É muito difícil imaginar um mundo tão distante do nosso que até a luz, a deslocar-se àquela que é a velocidade limite na natureza, demora 31 milhões de anos a fazer a viagem até à Terra. Mais difícil ainda é conceber que algures nesta galáxia, muito para lá da nossa Via Láctea, haja um planeta do tamanho de Saturno e que foi agora ‘avistado’ por astrónomos. Este avistamento, descrito na revista Nature Astronomy, baseia-se na deteção do efeito da passagem do planeta à frente de uma estrela, ou seja, é um método de inferência, também usado para identificar planetas extrassolares. Em vez de se detetar o planeta diretamente, verifica-se o seu efeito na luz emitida pela estrela – é o chamado método dos trânsitos.
No caso, o que os cientistas do Centro para a Astrofísica Harvard & Smithsonian analisaram, em observações feitas pelos telescópios Chandra e XMM-Newton, foi uma alteração na emissão na gama do raio-X de uma estrela que faz parte da galáxia M51, ou Galáxia Whirlpool.

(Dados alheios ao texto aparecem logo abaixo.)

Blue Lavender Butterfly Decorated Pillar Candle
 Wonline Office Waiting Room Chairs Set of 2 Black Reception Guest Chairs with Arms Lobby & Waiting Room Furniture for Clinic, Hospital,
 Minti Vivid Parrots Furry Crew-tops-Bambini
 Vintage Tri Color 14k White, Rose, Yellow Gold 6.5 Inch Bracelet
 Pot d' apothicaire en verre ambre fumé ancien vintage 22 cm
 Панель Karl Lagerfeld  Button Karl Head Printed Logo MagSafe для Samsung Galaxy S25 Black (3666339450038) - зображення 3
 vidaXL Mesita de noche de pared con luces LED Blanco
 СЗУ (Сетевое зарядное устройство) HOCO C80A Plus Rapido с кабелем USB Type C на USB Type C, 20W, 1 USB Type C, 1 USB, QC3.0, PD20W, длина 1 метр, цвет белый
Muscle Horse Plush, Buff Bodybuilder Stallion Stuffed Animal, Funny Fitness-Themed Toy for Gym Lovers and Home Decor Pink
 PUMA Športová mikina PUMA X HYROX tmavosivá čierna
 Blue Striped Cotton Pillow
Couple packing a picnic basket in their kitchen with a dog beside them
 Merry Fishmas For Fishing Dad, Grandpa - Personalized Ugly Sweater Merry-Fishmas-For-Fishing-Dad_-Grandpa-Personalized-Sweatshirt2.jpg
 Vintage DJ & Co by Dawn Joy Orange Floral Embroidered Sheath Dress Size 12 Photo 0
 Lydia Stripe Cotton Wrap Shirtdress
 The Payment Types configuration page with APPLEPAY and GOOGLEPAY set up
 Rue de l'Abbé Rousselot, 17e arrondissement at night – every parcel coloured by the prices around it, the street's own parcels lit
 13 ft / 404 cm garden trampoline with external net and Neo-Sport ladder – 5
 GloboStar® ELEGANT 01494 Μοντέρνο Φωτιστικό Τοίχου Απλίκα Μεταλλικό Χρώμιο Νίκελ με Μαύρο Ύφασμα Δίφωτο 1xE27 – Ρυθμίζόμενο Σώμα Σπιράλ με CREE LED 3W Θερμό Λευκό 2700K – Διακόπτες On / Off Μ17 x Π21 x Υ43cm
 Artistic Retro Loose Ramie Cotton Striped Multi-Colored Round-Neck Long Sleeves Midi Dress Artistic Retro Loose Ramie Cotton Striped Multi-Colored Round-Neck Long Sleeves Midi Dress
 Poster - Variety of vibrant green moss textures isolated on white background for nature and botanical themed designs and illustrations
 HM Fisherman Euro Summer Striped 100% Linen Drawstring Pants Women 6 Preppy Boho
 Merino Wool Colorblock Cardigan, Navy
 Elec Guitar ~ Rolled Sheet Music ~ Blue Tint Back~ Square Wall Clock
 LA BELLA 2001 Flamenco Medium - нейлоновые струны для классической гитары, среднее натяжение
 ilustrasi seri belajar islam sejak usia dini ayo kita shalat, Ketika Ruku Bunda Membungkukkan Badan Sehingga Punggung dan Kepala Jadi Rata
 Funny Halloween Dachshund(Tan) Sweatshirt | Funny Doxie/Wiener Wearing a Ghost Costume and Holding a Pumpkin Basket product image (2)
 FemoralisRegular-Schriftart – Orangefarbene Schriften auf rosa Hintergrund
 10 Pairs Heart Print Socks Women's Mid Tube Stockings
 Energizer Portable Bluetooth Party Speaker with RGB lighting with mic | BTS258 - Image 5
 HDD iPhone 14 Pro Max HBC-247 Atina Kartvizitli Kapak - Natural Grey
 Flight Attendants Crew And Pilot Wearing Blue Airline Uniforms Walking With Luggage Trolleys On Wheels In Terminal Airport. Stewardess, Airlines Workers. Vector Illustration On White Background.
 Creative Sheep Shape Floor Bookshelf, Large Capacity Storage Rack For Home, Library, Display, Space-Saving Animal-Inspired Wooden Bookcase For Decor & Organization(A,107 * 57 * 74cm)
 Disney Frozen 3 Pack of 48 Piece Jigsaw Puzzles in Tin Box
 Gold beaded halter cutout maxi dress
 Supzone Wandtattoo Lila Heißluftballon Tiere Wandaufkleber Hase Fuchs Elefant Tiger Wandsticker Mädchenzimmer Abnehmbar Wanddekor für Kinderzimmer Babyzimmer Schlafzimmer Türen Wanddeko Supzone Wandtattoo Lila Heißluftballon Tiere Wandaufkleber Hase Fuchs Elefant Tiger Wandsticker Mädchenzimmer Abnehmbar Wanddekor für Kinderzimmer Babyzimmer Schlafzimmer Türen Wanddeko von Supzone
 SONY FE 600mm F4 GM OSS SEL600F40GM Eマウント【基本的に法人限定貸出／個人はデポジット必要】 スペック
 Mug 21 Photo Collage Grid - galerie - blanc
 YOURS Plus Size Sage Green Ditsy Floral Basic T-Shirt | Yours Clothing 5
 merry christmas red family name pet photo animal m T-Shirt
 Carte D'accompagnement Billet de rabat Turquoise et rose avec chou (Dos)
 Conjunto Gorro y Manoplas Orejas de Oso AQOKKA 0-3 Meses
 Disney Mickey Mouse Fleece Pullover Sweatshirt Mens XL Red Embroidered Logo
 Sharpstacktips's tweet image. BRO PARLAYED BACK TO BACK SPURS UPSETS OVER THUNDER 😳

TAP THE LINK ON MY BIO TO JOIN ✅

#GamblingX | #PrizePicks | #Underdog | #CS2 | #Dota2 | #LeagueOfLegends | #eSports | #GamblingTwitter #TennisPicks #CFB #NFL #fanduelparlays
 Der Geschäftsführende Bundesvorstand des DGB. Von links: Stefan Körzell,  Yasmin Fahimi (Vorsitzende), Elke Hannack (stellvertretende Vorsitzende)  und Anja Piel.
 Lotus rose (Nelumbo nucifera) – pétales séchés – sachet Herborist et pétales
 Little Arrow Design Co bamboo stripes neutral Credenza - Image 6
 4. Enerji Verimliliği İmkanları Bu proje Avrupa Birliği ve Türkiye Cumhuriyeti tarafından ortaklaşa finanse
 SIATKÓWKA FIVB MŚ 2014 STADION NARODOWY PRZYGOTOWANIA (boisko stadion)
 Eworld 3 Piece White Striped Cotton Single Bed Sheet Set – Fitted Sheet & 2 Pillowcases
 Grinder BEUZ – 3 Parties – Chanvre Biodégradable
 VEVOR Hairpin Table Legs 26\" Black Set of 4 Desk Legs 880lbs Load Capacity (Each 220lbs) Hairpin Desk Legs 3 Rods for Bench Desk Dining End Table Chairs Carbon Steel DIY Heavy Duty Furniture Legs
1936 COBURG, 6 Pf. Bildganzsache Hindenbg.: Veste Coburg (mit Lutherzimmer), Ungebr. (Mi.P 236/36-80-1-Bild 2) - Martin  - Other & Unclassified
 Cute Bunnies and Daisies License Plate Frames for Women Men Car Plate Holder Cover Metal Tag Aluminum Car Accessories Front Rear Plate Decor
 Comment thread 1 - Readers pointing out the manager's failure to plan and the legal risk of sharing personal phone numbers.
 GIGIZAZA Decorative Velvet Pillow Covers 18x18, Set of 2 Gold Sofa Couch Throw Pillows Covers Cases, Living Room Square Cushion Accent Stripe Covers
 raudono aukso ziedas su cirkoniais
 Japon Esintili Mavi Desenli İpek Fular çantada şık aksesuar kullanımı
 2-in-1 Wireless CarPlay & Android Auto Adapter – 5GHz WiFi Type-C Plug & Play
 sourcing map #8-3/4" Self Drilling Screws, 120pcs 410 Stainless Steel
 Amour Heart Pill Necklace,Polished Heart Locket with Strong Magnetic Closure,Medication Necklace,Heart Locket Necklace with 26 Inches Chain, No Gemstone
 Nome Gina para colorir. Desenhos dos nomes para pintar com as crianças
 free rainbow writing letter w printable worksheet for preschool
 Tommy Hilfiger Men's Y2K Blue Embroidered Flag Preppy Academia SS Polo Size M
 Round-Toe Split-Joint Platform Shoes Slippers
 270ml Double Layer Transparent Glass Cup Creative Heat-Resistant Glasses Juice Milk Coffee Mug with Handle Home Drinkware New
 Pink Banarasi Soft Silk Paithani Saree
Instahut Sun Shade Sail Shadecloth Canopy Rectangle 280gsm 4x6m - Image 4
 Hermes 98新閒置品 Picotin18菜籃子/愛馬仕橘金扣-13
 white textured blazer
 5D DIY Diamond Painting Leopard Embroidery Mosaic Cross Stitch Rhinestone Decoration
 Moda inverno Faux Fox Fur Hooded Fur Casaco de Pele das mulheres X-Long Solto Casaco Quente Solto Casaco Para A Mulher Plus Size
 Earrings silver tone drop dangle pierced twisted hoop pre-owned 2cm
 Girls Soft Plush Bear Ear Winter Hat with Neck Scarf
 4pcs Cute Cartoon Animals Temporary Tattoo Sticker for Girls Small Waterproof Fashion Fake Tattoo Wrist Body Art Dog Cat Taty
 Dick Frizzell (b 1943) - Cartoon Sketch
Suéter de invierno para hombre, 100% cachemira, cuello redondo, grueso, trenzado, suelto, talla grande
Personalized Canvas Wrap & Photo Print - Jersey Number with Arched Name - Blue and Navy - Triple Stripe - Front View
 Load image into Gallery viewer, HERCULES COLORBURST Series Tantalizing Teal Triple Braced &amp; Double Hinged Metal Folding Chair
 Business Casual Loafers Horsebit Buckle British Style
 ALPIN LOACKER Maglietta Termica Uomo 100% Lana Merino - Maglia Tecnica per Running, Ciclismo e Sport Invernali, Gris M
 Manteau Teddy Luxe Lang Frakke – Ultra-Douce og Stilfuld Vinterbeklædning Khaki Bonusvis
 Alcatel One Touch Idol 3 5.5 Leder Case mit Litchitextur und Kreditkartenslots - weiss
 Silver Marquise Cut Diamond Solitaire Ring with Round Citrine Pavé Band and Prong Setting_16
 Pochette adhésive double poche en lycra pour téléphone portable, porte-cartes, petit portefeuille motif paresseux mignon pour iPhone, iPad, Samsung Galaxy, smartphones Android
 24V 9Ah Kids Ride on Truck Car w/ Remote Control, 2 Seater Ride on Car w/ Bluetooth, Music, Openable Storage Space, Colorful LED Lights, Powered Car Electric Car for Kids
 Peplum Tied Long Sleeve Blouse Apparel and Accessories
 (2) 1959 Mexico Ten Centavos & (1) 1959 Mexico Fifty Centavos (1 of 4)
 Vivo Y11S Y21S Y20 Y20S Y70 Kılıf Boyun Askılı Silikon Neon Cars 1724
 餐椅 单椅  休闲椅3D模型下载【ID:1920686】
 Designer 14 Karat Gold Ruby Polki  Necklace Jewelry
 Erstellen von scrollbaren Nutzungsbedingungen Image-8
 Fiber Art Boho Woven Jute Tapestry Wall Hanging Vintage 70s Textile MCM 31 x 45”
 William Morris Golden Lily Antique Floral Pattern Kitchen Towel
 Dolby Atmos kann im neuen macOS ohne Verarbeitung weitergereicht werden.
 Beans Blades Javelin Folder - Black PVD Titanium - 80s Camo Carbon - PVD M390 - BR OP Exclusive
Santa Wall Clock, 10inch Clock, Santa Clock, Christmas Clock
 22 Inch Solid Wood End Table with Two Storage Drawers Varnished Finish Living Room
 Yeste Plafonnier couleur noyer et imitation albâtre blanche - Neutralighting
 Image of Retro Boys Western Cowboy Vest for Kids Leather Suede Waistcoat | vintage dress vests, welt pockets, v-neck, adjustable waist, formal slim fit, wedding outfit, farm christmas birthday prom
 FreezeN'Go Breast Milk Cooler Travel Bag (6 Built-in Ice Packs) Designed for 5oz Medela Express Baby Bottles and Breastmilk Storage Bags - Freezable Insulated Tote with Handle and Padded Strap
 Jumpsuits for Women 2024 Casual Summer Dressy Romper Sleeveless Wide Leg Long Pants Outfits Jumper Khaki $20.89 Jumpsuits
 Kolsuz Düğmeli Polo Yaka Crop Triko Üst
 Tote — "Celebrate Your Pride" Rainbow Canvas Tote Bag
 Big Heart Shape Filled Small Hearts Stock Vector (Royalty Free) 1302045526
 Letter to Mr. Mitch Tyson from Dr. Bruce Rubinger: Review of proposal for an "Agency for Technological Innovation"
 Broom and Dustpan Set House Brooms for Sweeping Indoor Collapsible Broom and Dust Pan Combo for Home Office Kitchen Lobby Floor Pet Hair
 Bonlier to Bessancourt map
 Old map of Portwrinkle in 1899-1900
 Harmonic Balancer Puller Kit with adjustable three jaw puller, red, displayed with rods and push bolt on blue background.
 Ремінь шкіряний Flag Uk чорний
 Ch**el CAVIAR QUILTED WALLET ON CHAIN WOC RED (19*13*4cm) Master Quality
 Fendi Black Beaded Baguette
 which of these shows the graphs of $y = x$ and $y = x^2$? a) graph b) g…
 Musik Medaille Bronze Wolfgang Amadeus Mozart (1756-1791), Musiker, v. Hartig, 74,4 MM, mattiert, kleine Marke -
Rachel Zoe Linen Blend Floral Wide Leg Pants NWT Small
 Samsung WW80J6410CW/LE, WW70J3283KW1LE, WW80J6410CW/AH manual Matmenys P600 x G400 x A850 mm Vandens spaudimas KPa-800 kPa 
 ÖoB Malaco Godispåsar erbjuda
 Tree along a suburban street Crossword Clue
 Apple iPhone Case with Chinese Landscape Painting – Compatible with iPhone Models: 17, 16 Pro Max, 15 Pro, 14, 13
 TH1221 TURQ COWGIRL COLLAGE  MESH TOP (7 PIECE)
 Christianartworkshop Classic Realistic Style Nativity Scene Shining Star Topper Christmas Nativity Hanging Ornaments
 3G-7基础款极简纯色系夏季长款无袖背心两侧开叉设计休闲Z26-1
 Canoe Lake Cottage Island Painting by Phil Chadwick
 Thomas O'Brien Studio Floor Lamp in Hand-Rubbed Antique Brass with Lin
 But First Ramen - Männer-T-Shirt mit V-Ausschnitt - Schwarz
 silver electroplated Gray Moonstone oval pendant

“Há várias razões para acreditar que nas galáxias fora da nossa existem sistemas planetários, mas detetá-los por métodos tipicamente usado na nossa galáxia não é possível. Uma estratégia alternativa é estudar o comportamento ao longo do tempo dos raios-X emitidos por fontes extragaláticas, em que um planeta em órbita bloquearia temporariamente a fonte de raio-X, causando um breve eclipse”, descrevem os autores no artigo.
Em entrevista à Exame Informática, Nuno Cardoso Santos, investigador do Instituto de Astrofísica e Ciências do Espaço, que tem usado o método dos trânsitos para detetar planetas extrassolares – identificados dentro da nossa galáxia e por alteração na emissão de luz visível – sublinha que o anúncio deixa muitas questões em aberto.
Como foi possível detetar um planeta tendo em conta a distância a que está da Terra?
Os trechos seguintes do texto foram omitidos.